▶ WORK TO COMPLETE: Produce an exact transcription of the data, with the images left out.

Start of PROVIDED DATA

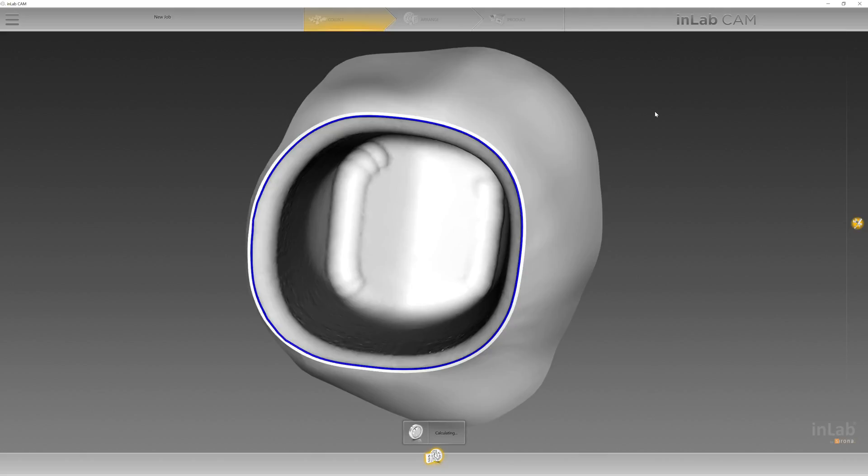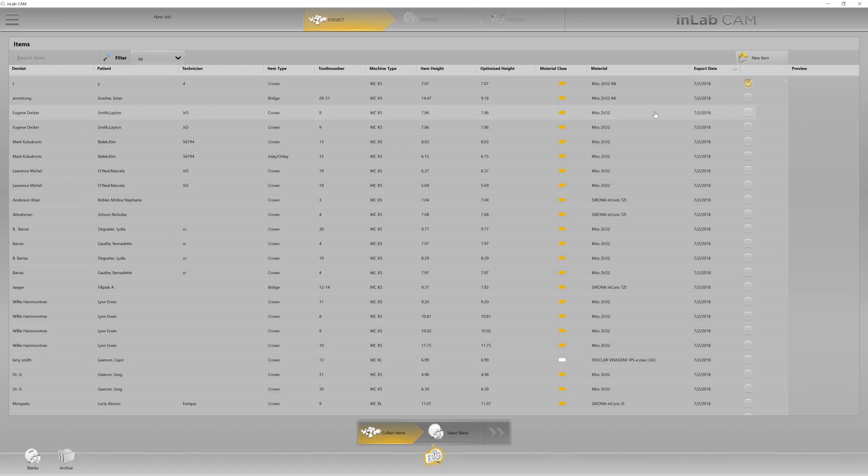After this, you're simply going to go to the blank screen. Select your blank in order to mill and just proceed forward as you normally would with any other crown.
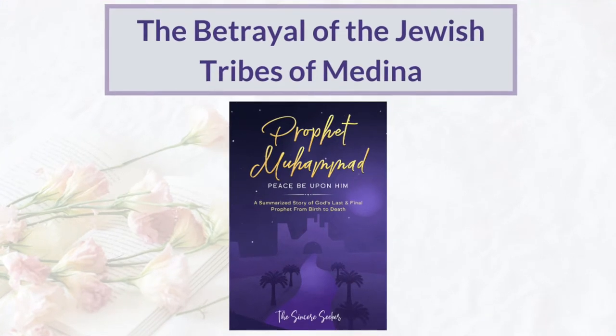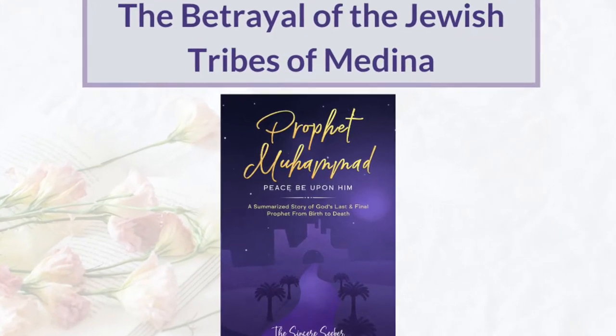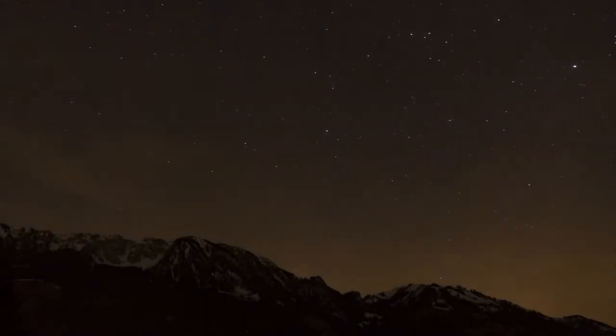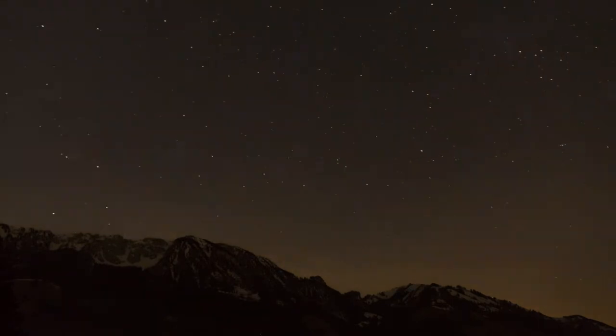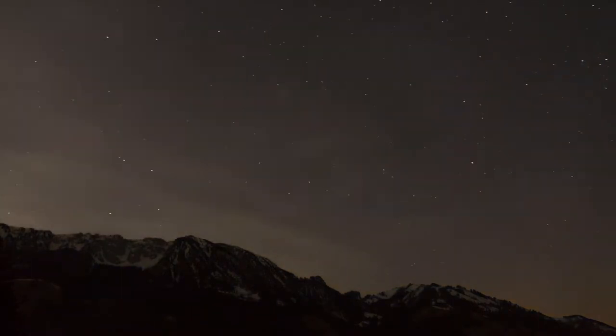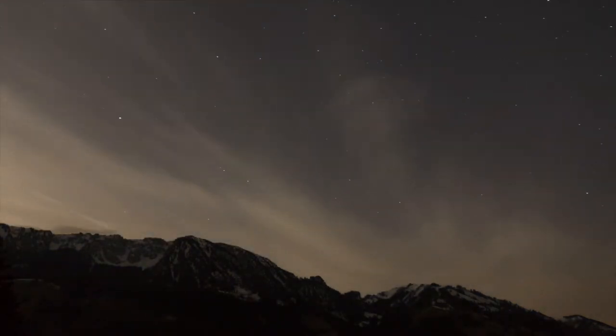The Betrayal of the Jewish Tribes of Medina. After the Muslims lost the Battle of Uhud, the Muslims were treated differently by the Jewish and Arab tribes in Medina.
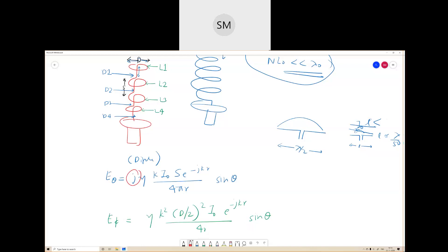Whatever happens, the waveform from this helical antenna is elliptically polarized, because the phase difference condition (90 degrees) is satisfied, but the magnitude condition may not be. Elliptical polarization means the phase difference is 90 degrees but the magnitudes are not necessarily equal.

End of PROVIDED DATA

▶ RESPONSE FOR THIS EXERCISE:
After this, you're simply going to go to the blank screen. Select your blank in order to mill and just proceed forward as you normally would with any other crown.
The Betrayal of the Jewish Tribes of Medina. After the Muslims lost the Battle of Uhud, the Muslims were treated differently by the Jewish and Arab tribes in Medina.
Whatever happens, the waveform from this helical antenna is elliptically polarized, because the phase difference condition (90 degrees) is satisfied, but the magnitude condition may not be. Elliptical polarization means the phase difference is 90 degrees but the magnitudes are not necessarily equal.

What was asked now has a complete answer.